This is a specific proposal on how to implement some of the “PoW in PoS protocols” described in Delayed Protocols. Shout out to @drstone for the inspiration for this scheme.
NOTE: there are probably better ways of doing this, but this is what fell out of trying to shove PoW into the CBC Casper framework. The better way might be something like “provide a PoW on some random number and get new coins,” but I think this is more fun
One main criticism of PoS consensus algorithms it that of the “initial distribution question.” For example, imagine Bitcoin had started with PoS instead of PoW - Satoshi would have just ended up with all the coins, and it all would have ended there. So here’s an attempt to solve the initial distribution question w/in the current PoS frameworks we have - namely Casper FFG, CBC, and Tendermint.
In all the above systems, we have some set of validators V, and a function W : V \to \mathcal{R}+, where W is the weight function. Usually, we think about defining a validators weight as the number of tokens they have staked. However, it may be possible to think about defining these weight maps in other ways. For example, validators (really, miners) could do non-outsourceable PoW on their own address, where their weight is the PoW on their address.

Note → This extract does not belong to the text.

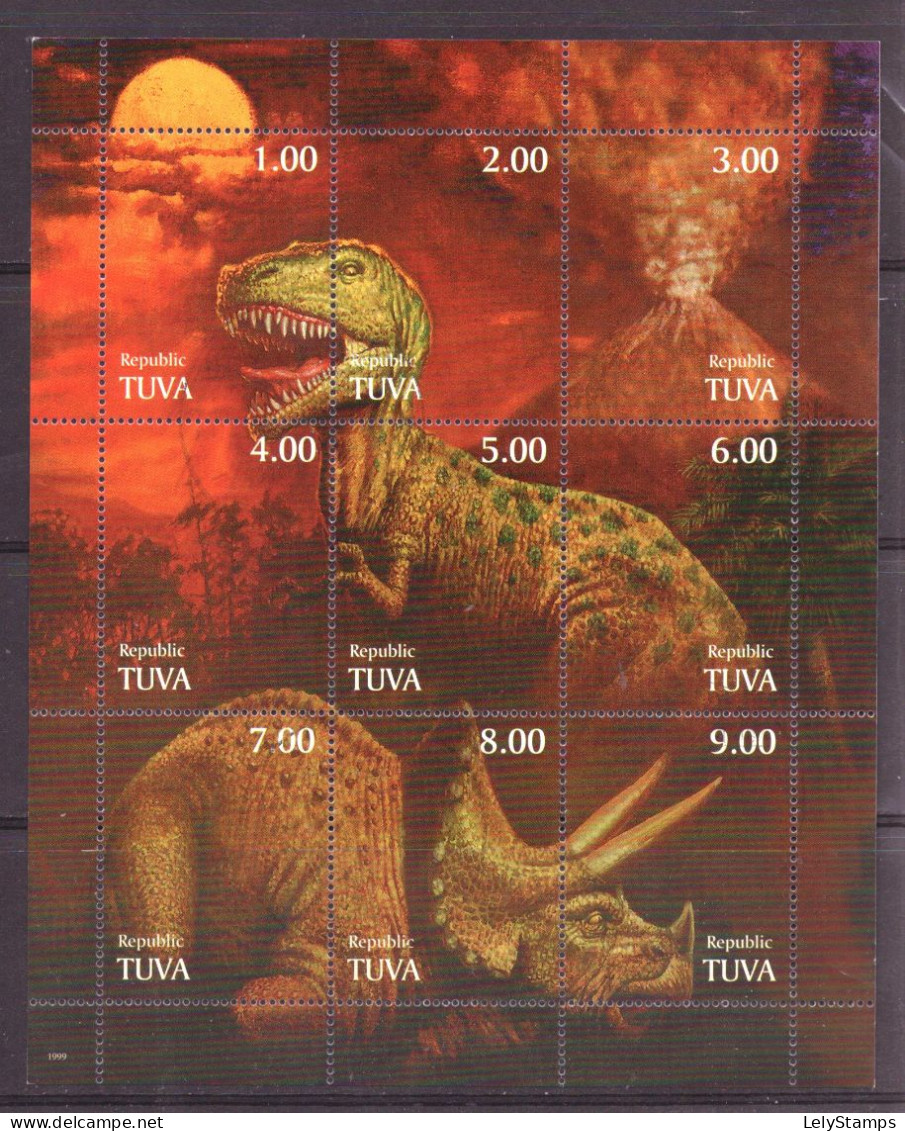 Tuva Full Series In Block MNH ** Dino Dinosaur Nature Animals (1999) - Other & Unclassified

If these miners do more PoW on their address, then they have to “deposit” this PoW in the same way we handle validator set changes currently within the above-mentioned protocols (usually: it has to happen under consensus).
From there, the miners run any of the consensus algorithms mentioned above as usual: in Tendermint, making blocks and pre-voting + pre-committing; in FFG: making blocks and voting; in CBC: making blocks. This means we don’t have a “traditional PoW” protocol, in the sense that the forkchoice is not a longest-chain rule. Also, we are required to make a weak subjectivity assumption as well.

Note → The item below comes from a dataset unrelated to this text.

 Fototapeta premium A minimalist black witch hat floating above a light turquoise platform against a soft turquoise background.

With this, we can have a protocol that avoids the initial distribution question, seemingly as much as regular PoW does.
However, there’s one major issue with the above scheme. Essentially, as soon as a miner decides they don’t want to mine/validate anymore, all the PoW they’ve done on their address is worthless. This is because the PoW is only worth the discounted future rewards it allows the miner to receive (which is 0 when they no longer plan on mining/validating). This is different from PoS, where their coins have value even after they’ve stopped validating (and so it hurts them to be slashed).
To fix this (and where the delayed protocols come in), we just have to delay giving the validator their rewards until the end of the withdraw period. Now, they can’t equivocate w/out losing their rewards from their time as a miner.
There are two problems remaining, one is due to the nature of delayed rewards, and the other due to the nature of PoW:
- Delayed rewards might make it harder for validators/miners to exist, as these validators/miners may have upkeep costs they need to pay in real time (and they can’t exactly borrow against their future rewards )
- This scheme is less secure than a PoS protocol that pays the same amount of rewards - as there’s significantly less at stake for some validator.